## WHAT THIS TASK INVOLVES
Type each record below again, with the same words.

[[ TASK MATERIAL open ]]

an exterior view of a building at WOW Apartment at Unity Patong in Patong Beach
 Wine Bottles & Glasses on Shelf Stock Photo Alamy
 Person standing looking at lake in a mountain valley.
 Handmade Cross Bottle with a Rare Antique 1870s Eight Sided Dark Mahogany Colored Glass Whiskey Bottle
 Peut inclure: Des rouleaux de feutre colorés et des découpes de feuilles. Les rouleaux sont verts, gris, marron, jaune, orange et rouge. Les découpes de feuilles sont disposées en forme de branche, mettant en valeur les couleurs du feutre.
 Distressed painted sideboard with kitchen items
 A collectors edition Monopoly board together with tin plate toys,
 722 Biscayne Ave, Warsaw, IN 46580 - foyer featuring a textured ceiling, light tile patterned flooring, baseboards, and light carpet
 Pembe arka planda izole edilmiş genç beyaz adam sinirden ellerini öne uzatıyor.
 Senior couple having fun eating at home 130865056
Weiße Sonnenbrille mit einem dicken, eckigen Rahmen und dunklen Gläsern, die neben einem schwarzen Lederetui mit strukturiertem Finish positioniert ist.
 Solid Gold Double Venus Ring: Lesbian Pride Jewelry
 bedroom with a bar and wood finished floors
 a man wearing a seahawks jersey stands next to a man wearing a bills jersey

[[ TASK MATERIAL closed ]]

## RESULT FOR THIS TASK
an exterior view of a building at WOW Apartment at Unity Patong in Patong Beach
 Wine Bottles & Glasses on Shelf Stock Photo Alamy
 Person standing looking at lake in a mountain valley.
 Handmade Cross Bottle with a Rare Antique 1870s Eight Sided Dark Mahogany Colored Glass Whiskey Bottle
 Peut inclure: Des rouleaux de feutre colorés et des découpes de feuilles. Les rouleaux sont verts, gris, marron, jaune, orange et rouge. Les découpes de feuilles sont disposées en forme de branche, mettant en valeur les couleurs du feutre.
 Distressed painted sideboard with kitchen items
 A collectors edition Monopoly board together with tin plate toys,
 722 Biscayne Ave, Warsaw, IN 46580 - foyer featuring a textured ceiling, light tile patterned flooring, baseboards, and light carpet
 Pembe arka planda izole edilmiş genç beyaz adam sinirden ellerini öne uzatıyor.
 Senior couple having fun eating at home 130865056
Weiße Sonnenbrille mit einem dicken, eckigen Rahmen und dunklen Gläsern, die neben einem schwarzen Lederetui mit strukturiertem Finish positioniert ist.
 Solid Gold Double Venus Ring: Lesbian Pride Jewelry
 bedroom with a bar and wood finished floors
 a man wearing a seahawks jersey stands next to a man wearing a bills jersey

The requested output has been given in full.